天很晴,但天台上風極大,呼呼的掛亂頭發,遠遠地看到顏語諾一點一點的沿著頂樓台子走著,對保安勸解的話充耳不聞,那保安也不敢再往前了。
夏夢拉過激動地保安,叫他不要再刺激顏語諾,自己則小心地向前,同時在身後給肖城打手勢。
肖城心跳極快,轉頭讓人趕緊聯係警方。
抬頭看著那站在高台上的女人,她很瘦很美,即便素著一張臉,也精致極了,隻那雙眼睛毫無光亮是渾濁的,如果是鮮活的這該是個多美的女人啊。
夏夢朝她慢慢走去,可顏語諾突然回頭,“別再過來了,夏記者。”對他們笑了一下很淡的,像是釋然了。
“我知道你現在萬念俱灰,可這是衝動,到最後會發現為誰付出生命都是不值得的。”
顏語諾坐了下來,腿搭在頂樓外麵**著,雙手張開仿佛在擁抱著風,“我早該明白,我這樣的人,不會有人愛我的。”

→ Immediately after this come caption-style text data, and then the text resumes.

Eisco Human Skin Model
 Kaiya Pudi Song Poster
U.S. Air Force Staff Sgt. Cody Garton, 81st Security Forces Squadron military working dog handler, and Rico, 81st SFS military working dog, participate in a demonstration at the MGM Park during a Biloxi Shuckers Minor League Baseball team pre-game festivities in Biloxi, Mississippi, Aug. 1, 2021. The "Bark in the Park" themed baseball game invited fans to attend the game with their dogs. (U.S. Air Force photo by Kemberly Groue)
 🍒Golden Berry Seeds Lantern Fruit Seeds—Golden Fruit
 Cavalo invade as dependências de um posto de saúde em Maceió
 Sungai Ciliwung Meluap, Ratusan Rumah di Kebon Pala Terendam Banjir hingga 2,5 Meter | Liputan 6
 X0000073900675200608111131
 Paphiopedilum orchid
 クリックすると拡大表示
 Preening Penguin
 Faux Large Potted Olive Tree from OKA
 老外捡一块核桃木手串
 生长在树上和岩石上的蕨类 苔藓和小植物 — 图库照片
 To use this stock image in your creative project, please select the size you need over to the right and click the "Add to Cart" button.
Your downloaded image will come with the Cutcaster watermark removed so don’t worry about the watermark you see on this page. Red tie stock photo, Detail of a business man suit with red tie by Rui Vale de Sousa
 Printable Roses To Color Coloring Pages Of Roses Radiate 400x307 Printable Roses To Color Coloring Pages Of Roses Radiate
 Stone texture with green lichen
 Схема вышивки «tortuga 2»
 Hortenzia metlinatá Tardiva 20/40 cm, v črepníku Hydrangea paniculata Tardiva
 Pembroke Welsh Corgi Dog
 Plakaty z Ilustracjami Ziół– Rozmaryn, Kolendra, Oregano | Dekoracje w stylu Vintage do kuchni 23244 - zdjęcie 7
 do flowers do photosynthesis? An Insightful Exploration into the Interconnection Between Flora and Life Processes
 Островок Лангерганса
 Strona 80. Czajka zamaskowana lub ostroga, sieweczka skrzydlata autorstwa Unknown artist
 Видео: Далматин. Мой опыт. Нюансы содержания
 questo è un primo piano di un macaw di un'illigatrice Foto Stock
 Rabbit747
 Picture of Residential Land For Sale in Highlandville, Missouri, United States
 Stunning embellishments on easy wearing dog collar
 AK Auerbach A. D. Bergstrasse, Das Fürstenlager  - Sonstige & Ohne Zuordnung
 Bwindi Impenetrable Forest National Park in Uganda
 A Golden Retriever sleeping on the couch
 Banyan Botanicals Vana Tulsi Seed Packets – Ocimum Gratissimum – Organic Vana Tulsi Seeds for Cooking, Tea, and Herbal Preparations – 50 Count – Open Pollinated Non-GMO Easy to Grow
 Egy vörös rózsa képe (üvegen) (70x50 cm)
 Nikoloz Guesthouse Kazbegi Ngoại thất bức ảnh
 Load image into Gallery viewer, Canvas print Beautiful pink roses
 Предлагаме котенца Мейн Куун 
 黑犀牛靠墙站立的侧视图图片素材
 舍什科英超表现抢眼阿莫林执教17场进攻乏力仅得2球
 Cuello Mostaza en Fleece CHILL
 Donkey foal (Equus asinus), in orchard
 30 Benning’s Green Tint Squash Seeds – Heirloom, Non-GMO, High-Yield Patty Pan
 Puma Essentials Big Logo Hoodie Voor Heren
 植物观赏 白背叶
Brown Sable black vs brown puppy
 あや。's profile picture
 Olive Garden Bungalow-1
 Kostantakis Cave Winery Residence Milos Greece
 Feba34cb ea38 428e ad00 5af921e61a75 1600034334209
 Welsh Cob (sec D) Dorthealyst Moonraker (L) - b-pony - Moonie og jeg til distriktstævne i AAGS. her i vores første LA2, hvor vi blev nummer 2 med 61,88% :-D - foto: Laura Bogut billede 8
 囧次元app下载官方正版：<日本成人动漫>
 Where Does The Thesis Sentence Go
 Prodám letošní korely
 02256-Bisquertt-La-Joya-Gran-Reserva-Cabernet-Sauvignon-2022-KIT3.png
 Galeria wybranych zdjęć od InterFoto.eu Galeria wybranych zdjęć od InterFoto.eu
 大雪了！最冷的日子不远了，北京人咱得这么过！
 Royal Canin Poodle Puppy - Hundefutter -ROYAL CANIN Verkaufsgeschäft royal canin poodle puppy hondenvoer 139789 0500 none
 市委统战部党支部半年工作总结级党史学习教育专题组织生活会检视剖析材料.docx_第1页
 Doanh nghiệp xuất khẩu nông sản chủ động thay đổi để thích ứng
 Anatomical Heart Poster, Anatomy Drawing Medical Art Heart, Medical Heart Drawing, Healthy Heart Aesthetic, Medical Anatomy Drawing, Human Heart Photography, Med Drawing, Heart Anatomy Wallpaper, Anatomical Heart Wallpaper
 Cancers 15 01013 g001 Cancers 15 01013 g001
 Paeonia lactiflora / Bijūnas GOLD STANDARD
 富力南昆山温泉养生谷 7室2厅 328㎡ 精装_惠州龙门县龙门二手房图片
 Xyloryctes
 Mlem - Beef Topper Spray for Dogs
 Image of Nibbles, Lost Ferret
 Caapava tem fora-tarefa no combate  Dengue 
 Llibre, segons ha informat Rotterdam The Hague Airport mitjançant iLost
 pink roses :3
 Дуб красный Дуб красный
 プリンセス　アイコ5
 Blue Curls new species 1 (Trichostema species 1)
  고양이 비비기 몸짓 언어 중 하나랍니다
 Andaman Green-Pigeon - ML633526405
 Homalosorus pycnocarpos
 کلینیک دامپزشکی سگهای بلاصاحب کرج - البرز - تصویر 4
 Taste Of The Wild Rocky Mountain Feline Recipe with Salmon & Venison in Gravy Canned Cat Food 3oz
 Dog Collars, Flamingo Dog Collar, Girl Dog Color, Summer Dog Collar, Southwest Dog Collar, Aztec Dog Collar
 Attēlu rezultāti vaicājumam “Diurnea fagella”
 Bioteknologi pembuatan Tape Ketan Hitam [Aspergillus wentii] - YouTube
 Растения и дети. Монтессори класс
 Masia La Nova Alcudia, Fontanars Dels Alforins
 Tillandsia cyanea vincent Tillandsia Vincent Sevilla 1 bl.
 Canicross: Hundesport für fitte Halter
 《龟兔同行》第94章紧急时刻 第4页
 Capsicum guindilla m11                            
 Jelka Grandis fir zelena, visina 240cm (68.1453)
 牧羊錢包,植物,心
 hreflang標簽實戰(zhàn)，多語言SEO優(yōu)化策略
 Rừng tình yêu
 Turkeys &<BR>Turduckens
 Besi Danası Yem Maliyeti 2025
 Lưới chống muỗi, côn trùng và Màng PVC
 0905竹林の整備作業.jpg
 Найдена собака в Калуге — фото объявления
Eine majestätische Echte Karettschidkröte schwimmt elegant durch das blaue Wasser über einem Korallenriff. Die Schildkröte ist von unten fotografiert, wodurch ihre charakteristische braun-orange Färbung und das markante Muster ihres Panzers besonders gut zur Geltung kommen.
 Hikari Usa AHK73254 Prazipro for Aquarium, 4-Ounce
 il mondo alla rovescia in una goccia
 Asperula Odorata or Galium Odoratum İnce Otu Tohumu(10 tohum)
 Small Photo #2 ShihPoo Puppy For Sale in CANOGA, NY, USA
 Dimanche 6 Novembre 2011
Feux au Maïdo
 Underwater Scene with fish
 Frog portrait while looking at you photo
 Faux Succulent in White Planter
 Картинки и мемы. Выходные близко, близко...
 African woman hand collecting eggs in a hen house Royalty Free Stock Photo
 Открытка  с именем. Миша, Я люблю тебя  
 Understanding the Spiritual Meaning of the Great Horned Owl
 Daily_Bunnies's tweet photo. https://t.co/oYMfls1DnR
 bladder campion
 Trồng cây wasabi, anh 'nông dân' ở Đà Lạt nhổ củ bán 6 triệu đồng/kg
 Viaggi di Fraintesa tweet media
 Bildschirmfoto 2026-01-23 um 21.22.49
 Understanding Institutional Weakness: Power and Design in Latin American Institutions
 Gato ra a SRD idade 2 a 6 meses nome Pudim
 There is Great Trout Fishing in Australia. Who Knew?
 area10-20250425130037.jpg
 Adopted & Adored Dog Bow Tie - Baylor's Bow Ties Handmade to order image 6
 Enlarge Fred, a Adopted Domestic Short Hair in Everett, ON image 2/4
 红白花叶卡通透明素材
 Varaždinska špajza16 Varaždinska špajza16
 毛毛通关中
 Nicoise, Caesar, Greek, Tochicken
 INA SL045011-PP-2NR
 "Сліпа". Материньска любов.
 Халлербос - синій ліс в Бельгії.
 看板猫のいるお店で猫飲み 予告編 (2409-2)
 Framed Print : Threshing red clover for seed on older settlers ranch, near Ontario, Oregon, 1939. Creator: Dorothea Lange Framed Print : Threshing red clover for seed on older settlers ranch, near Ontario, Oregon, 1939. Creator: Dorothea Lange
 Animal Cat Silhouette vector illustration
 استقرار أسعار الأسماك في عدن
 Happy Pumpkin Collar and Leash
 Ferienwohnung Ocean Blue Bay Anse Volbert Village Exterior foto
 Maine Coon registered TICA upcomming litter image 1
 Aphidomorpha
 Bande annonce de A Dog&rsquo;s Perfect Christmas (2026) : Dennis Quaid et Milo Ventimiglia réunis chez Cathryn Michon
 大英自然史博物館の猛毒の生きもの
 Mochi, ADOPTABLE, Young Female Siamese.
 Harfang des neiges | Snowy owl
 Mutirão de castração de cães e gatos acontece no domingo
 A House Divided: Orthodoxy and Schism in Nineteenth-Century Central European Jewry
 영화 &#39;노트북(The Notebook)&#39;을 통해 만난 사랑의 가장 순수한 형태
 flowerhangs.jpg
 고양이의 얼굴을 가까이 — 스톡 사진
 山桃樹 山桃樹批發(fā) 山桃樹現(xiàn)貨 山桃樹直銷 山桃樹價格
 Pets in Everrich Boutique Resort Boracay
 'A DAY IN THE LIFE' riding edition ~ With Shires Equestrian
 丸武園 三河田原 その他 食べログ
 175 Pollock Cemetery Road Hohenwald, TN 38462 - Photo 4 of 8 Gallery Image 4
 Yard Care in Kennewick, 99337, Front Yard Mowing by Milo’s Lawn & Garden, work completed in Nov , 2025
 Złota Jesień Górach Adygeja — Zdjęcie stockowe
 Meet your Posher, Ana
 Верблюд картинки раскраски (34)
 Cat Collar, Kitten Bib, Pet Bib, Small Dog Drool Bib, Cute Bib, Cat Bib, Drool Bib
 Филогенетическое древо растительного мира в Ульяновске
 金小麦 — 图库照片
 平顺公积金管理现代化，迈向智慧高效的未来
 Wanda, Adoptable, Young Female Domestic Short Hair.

“你不要這樣想,現在隻是在鑽牛角尖,你還這麽年輕。才三十歲,以後會有更好的未來。”
“未來?”
顏語諾無力的笑著,“我從來沒擁有過,我的世界從沒有過未來,不,也許有一瞬間我以為看到過光,可現在發現那不過是反射的,不是真正的光,是欺騙是謊言是利用。”
一滴淚從她臉上劃過,“小時候,外婆生病花光了所有錢,我的父親跑掉了,他覺得我母親一家包括我,都是累贅。可他走就走,卻拿母親的身份證找人借了好大一筆錢。母親一邊還債,一邊供我讀書,一邊給外婆看病,不得已走進了八道街。
我們也隻能去八道街租房子,隻有那不要押金。那個畜生父親不在身邊了,我就把恨轉嫁到身邊的親人,我恨外婆,花了那麽多錢她為什麽不醒,我更恨母親。”
顏語諾突然笑了,“知道嗎,對於一個八九歲的小姑娘來說生活是什麽?正常孩子是布娃娃,是學習班,是好朋友,是電影書籍是遊樂場。而我,是對家人無盡的恨,甚至,我想過拿枕頭捂死外婆。
我真的那麽做了,可做到一半我就哭了,因為我想起外婆以前多麽愛我,總是給我買好吃的,五毛錢一根的冰棍,我總能比別的小朋友多吃一個。外婆對我那樣好,可我卻想拿枕頭捂死她。
我一邊愧疚,一邊想著外婆不如死了算了,比當活死人強,不用受罪身上不用長褥瘡,母親也不用那麽卑微的活著。我甚至問過母親要不要放棄外婆,母親說她也想放棄過,可她做不到。
那些男人出出進進,母親早就麻木了,她隻想讓我和外婆都活著。
母親是多愛我的人啊,可我,可我給了她什麽?知道嗎,夏記者,我的母親是我殺掉的,是我。”